In that vein of blending flavors from the various areas of the Mediterranean, I wanted to share this fantastic Marinated Olives and Cheese dish with you. It’s so simple and quick, relatively inexpensive, and can serve as an appetizer, light lunch, snack, or flavorful side dish for a dinner of grilled fish or meat. You can switch up the main ingredients, as well as the herbs and spices to suit your own taste, I do it all the time depending on the situation.  Manchego Cheese makes a great sub for the Feta, you could use Oregano, Basil, Marjoram and Thyme instead of the Herbes de Provence, you could add in some Red Pepper Flakes to spice it up, or a little aged Balsamic instead of Red Wine Vinegar…play with it and make it yours. This can be made and served on the same day, but it’s really best to make it the night before you plan to serve it. That extra time results in a magical melding of all those flavors that just sings in your mouth. If you can, enjoy a lively red wine from Spain with this, and enjoy it with people you love. 
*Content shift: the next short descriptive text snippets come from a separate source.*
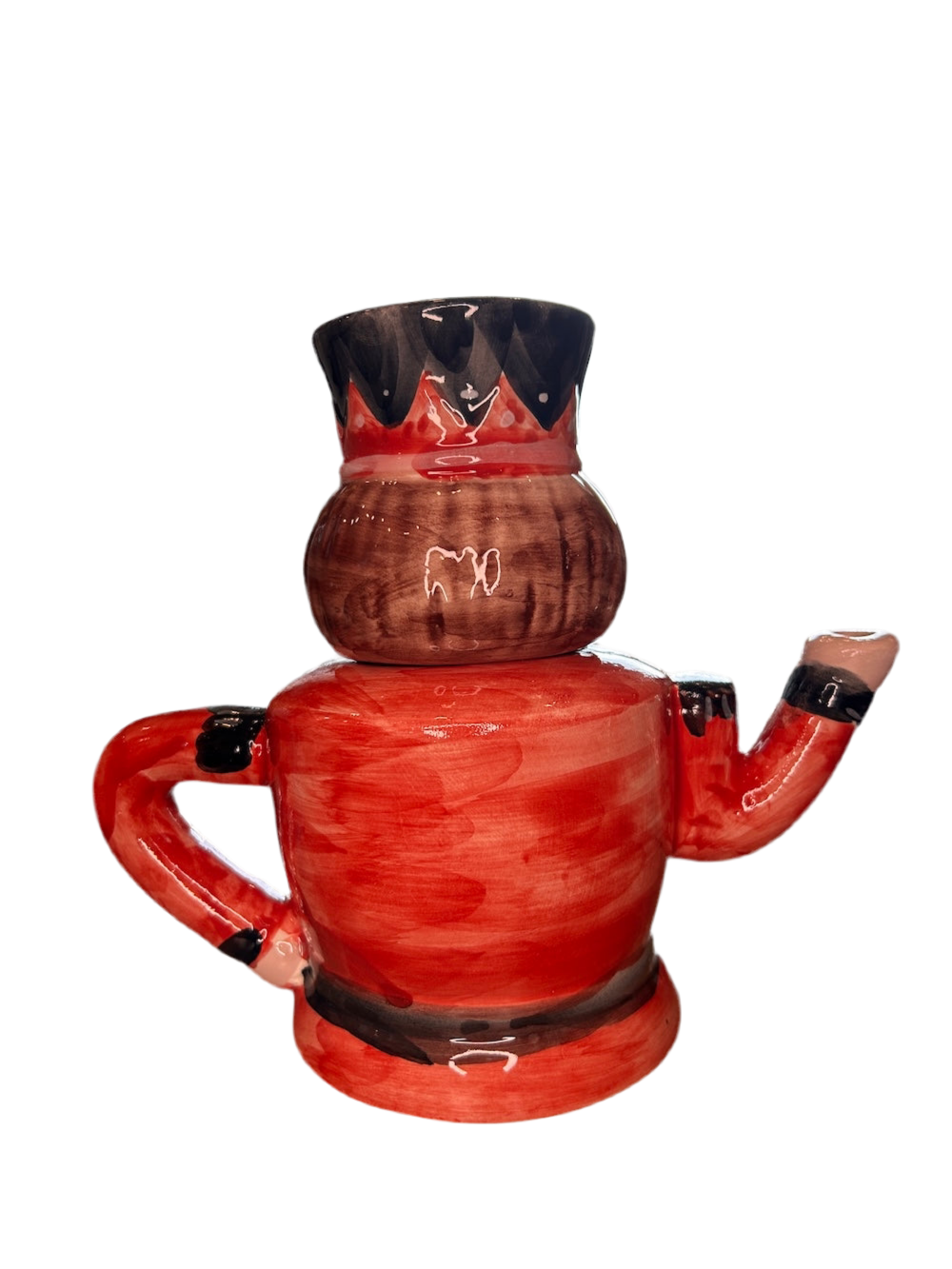 Teiera ceramica schiaccianoci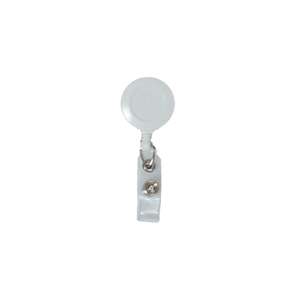 Retractable Badge Holder with Laminated Label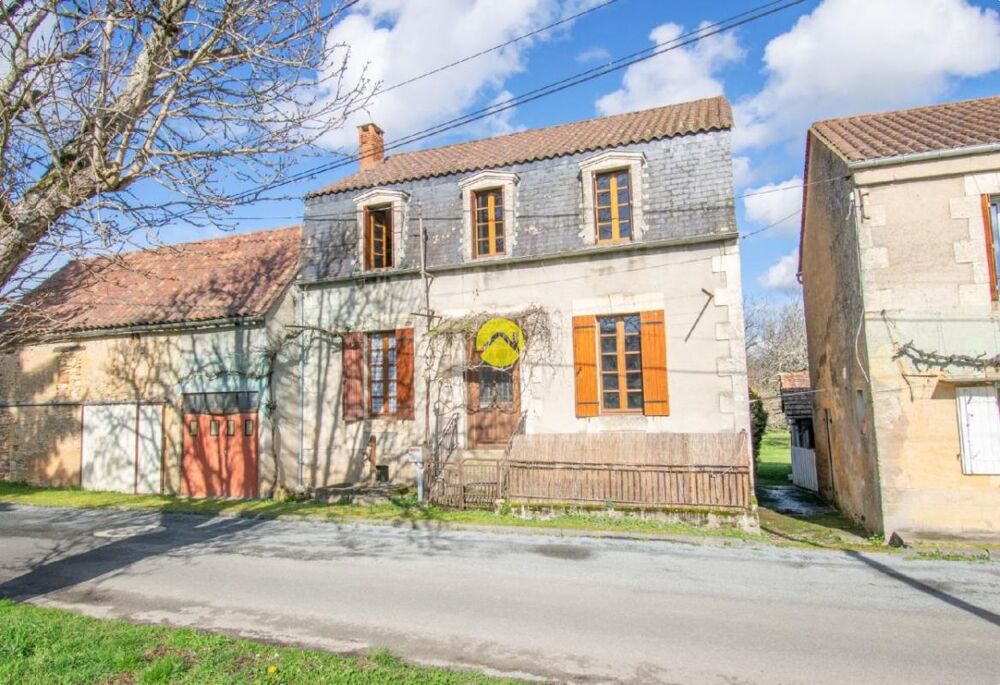 Maison à rénover avec hangar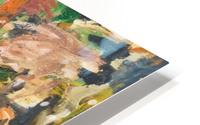 Blissful HD Metal print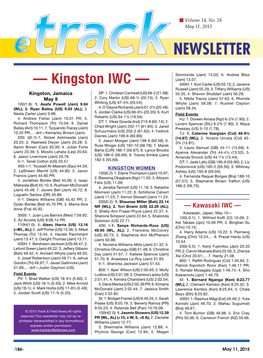 — Kingston IWC — 400H: 1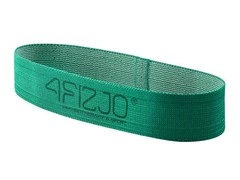 Taśma materiałowa FLEX BAND zielona - opór średni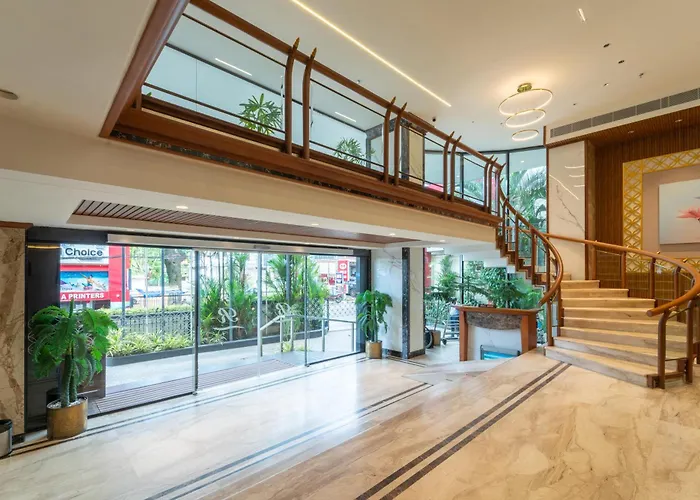 4 star hotel: Residency Tower
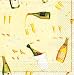 Caspari Set of 2 Champagne Toast Set of 20 Paper Cocktail Napkin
Plump Kalamata Olives, Tangy Feta and Smoky Roasted Peppers, Oh My! 

Mediterranean Marinated Olives and Cheese

2 cups Kalamata Olives, rinsed
12 oz Feta Cheese (chunks, not crumbled!)
1 Red Bell Pepper, roasted*
1 Yellow or Orange Bell Pepper, roasted*
2-3 Garlic Cloves, peeled and left whole
~ 1 cup of really good Olive Oil
2-3 Tbsp Red Wine Vinegar
2 Tbsp Herbes de Provence
1 Tbsp freshly grated Lemon Zest
Fresh Ground Black Pepper to taste

Cut your Feta into bite sized chunks and place into a large glass bowl along with the Garlic, and Kalamata Olives. Chop your Roasted Peppers into one inch squares, or long strips if you prefer, and place in the bowl with the Olives and Cheese. 
In a smaller bowl mix together the Oil, Vinegar, Herbes de Provence, Black Pepper and Lemon Zest. 
Pour the marinade over the Olives, Cheese and Peppers and mix gently but thoroughly. Taste and adjust the seasonings to your taste. 
Place in the refrigerator for a minimum of an hour, but preferably overnight. 
Before serving, remove from the refrigerator and allow to come to room temperature. Garnish with a few sprigs of fresh herbs if desired. 
Serve in small bowls, or allow guests to serve themselves. 

* To roast peppers at home you can use either broiler,a gas range or a grill. If using a gas range or grill: wash and dry your peppers, turn the flame to high, and carefully place the peppers over the flame using metal tongs. Allow the skins to blacken and blister, while turning the peppers to make sure they are roasted on all sides. When evenly blackened, remove to a metal bowl and cover with a clean dish towel for 15 minutes. This allows the peppers to cool and the skins to loosen. Once cool enough to handle, rub the blackened skin off, remove the stems and seeds and chop as directed above. 
If using a broiler: Heat broiler on high. Cut the stems and bottom ends of the peppers off, and make a vertical cut from top to bottom on each side. Remove seeds and place the peppers skin side up on a broiler pan. Place under the broiler for approximately 10 minutes (or until skins are blackened as described above). Keep an eye on the progress as you can quickly pass “roasted” and end up with “incinerated”  Then proceed as above, allowing the peppers to rest and cool. 

Doesn’t this sound amazingly delicious? To me it’s the perfect party dish, but also easy enough to keep on hand for quick weeknight dinners or an impromptu Wine and Chat with neighbors. 

Let me know what changes you’d make to suit your tastes!